INPUT DATA
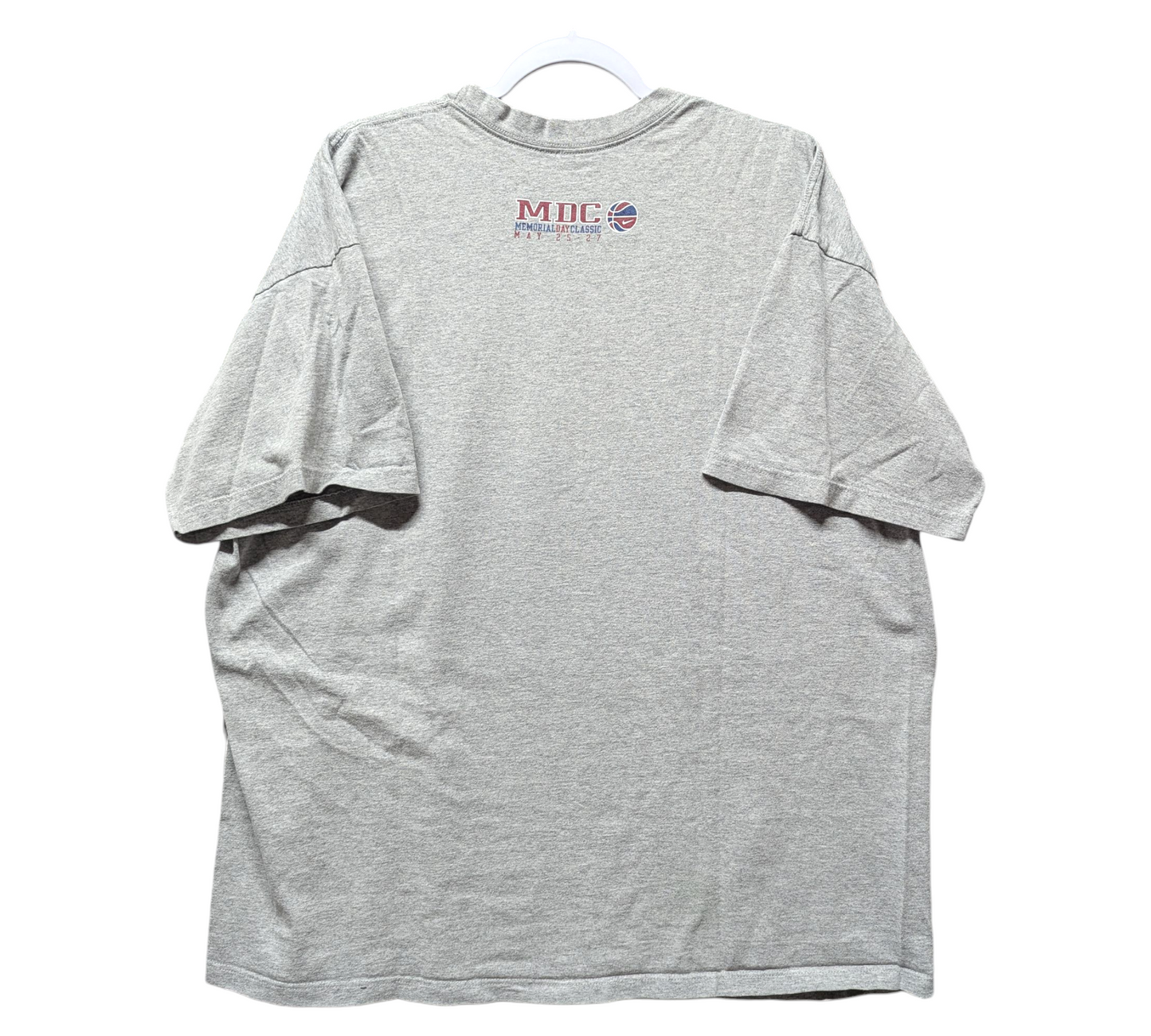 Y2K Nike Memorial Day Classic Basketball T shirt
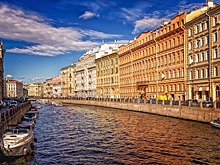 Петербург будет брать деньги с туристов за въезд
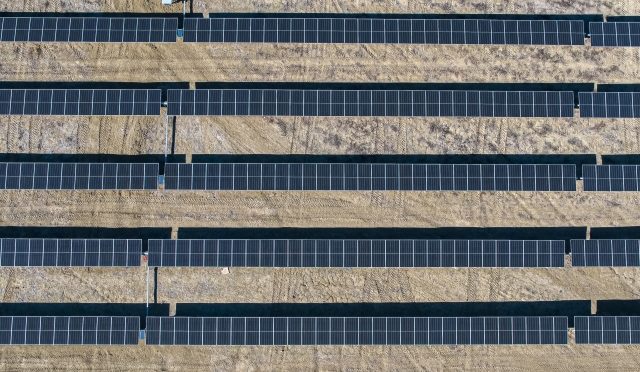 Ferrovial construirá en Soria dos plantas fotovoltaicas capaces de abastecer a 30.000 familias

WHAT THE EXERCISE ASKS
Pictures stay out of the copy; print the material above exactly.

SOLUTION TO THIS PROBLEM
 Y2K Nike Memorial Day Classic Basketball T shirt
 Петербург будет брать деньги с туристов за въезд
 Ferrovial construirá en Soria dos plantas fotovoltaicas capaces de abastecer a 30.000 familias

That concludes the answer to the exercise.